The Sim­ple Math of Every­thing, writ­ten for peo­ple who are good at math, might not be all that weighty a vol­ume. How long does it take to ex­plain Bayes’s Rule to some­one who’s good at math? Damn would I like to buy that book and send it back in time to my 16-year-old self. But there’s no way I have time to write this book, so I’m toss­ing the idea out there.

Even in read­ing pop­u­lar works on sci­ence, there is yet power. You don’t want to end up like those poor souls in that re­cent in­ter­view (I couldn’t Google) where a well-known sci­en­tist in field XYZ thinks the uni­verse is 100 billion years old. But it seems to me that there’s sub­stan­tially more power in push­ing un­til you en­counter some ba­sic math. Not com­pli­cated math, just ba­sic math. F=ma is too sim­ple, though. You should take the high­est low-hang­ing fruit you can reach.

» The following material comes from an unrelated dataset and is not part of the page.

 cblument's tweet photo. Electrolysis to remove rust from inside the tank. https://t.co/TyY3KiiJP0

Yes, there are sci­ences whose soul is not in their math, yet which are nonethe­less in­cred­ibly im­por­tant and en­light­en­ing. Evolu­tion­ary psy­chol­ogy, for ex­am­ple. But even there, if you kept push­ing un­til you en­coun­tered equa­tions, you would be well-served by that heuris­tic, even if the equa­tions didn’t seem all that en­light­en­ing com­pared to the ba­sic re­sults.

I re­mem­ber when I fi­nally picked up and started read­ing through my copy of the Feyn­man Lec­tures on Physics, even though I couldn’t think of any re­al­is­tic ex­cuse for how this was go­ing to help my AI work, be­cause I just got fed up with not know­ing physics. And—you can guess how this story ends—it gave me a new way of look­ing at the world, which all my ear­lier read­ing in pop­u­lar physics (in­clud­ing Feyn­man’s QED) hadn’t done. Did that help in­spire my AI re­search? Hell yes. (Though it’s a good thing I stud­ied neu­ro­science, evolu­tion­ary psy­chol­ogy, evolu­tion­ary biol­ogy, Bayes, and physics in that or­der—physics alone would have been ter­rible in­spira­tion for AI re­search.)

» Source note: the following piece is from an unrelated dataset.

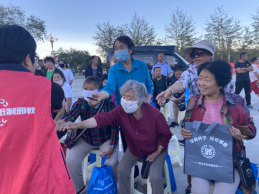 内蒙古白云矿区：普法宣传进夜市 反邪知识带回家  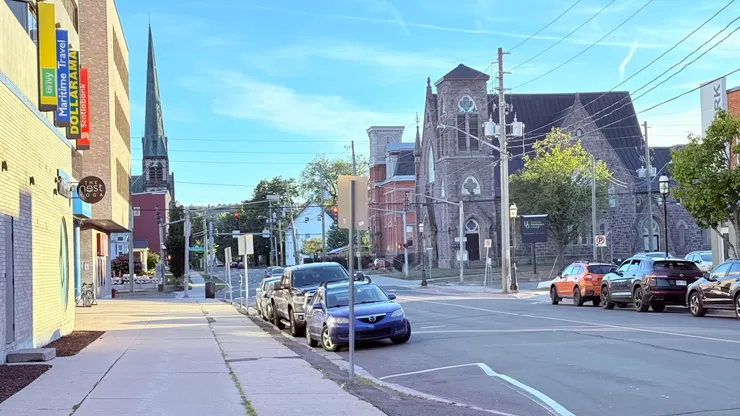 商家幾乎都沒營業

In academia (or so I am given to un­der­stand) there’s a huge pres­sure to spe­cial­ize, to push your un­der­stand­ing of one sub­ject all the way out to the fron­tier of the lat­est jour­nal ar­ti­cles, so that you can write your own jour­nal ar­ti­cles and get tenure. Well, one may cer­tainly have to learn the far math of one field, but why avoid the sim­ple math of oth­ers? Is it too em­bar­rass­ing to learn just a lit­tle math, and then stop? Is there an un­writ­ten rule which says that once you start learn­ing any math, you are obli­gated to finish it all? Could that be why the prac­tice isn’t more com­mon?

I know that I’m much more em­bar­rassed to know a few sim­ple equa­tions of physics, than I was to know only pop­u­lar physics. It feels wronger to know a few sim­ple equa­tions of evolu­tion­ary biol­ogy than to know only qual­i­ta­tive evolu­tion­ary biol­ogy. Even men­tion­ing how use­ful it’s been seems wrong, as if I’m boast­ing about some­thing that no one should boast about. It feels like I’m a dilet­tante—but how would I be dilet­ting less if I hadn’t stud­ied even the sim­ple math?